Traditional scaling law estimation suffers from high computational costs due to the absence of efficient budget allocation strategies. This work proposes a novel approach that, for the first time, integrates surrogate-guided pruning into scaling law modeling by combining the Successive Halving algorithm with both parametric and non-parametric surrogate models. This integration enables proactive allocation of computational resources and efficient construction of loss-compute Pareto frontiers. The method substantially improves resource utilization efficiency, achieving relative performance gains of up to 2.84% on real datasets and 5.47% on synthetic datasets, while reducing computational costs by as much as 98.7%.

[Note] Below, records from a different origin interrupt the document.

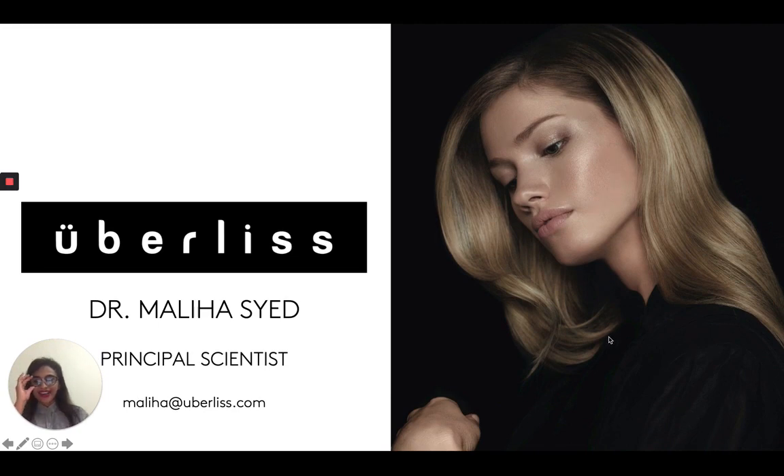Hi guys, I'm Dr. Maliha Syed and I am a principal scientist over at Uberliss, and today I'm here to talk to you guys about bond builders and Uberliss's very special bond treatment.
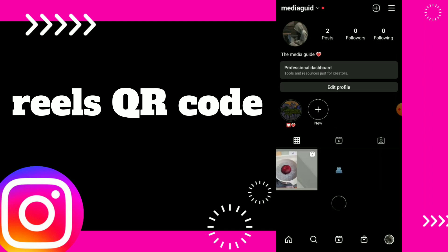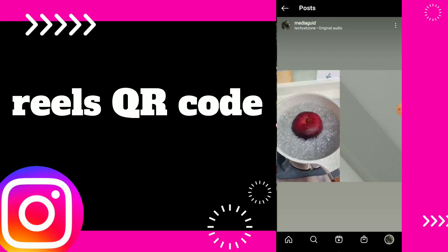So first thing, go to your Instagram. Once you are here, choose the Reels you want. For example, this one.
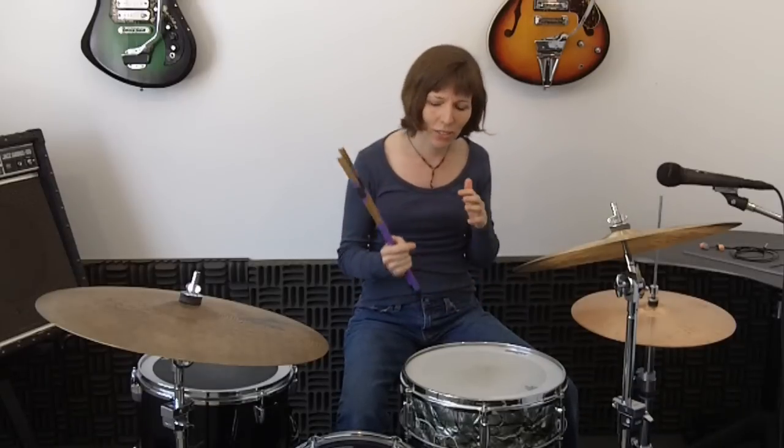Welcome to Lesson 7. In this lesson you're going to learn another fill based on the single stroke roll. This one is a combination of 8th notes and 16th notes, and that gives it a little more texture. So let's do it.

Predicting model performance at larger scales enables the design of training strategies and architectures tailored to specific performance targets. Empirical scaling law research identifies functional forms to aid this prediction task. These describe the relationship between loss and compute using a loss-compute frontier defined by learning curves. Due to the empirical nature of this approach, the computational burden is substantial, making strategic resource allocation essential - yet it remains surprisingly underexplored. In this work, we address this shortcoming by exploring the suitability of Successive Halving (SH) and SH combined with parametric and non-parametric surrogate models. In addition to enabling a more systematic allocation of a given compute budget, our findings show that SH paired with surrogate models yields a set of learning curves that includes one with a lower loss-compute value than what naive uniform allocation or an SH-only approach can obtain. Our experiments demonstrate mean relative improvements of up to 2.84% and 5.47% on real-world and synthetic learning curve datasets. This strategic resource allocation enables us to obtain accurate scaling laws at significantly reduced computational costs, saving up to 98.7% over the traditional exhaustive approach.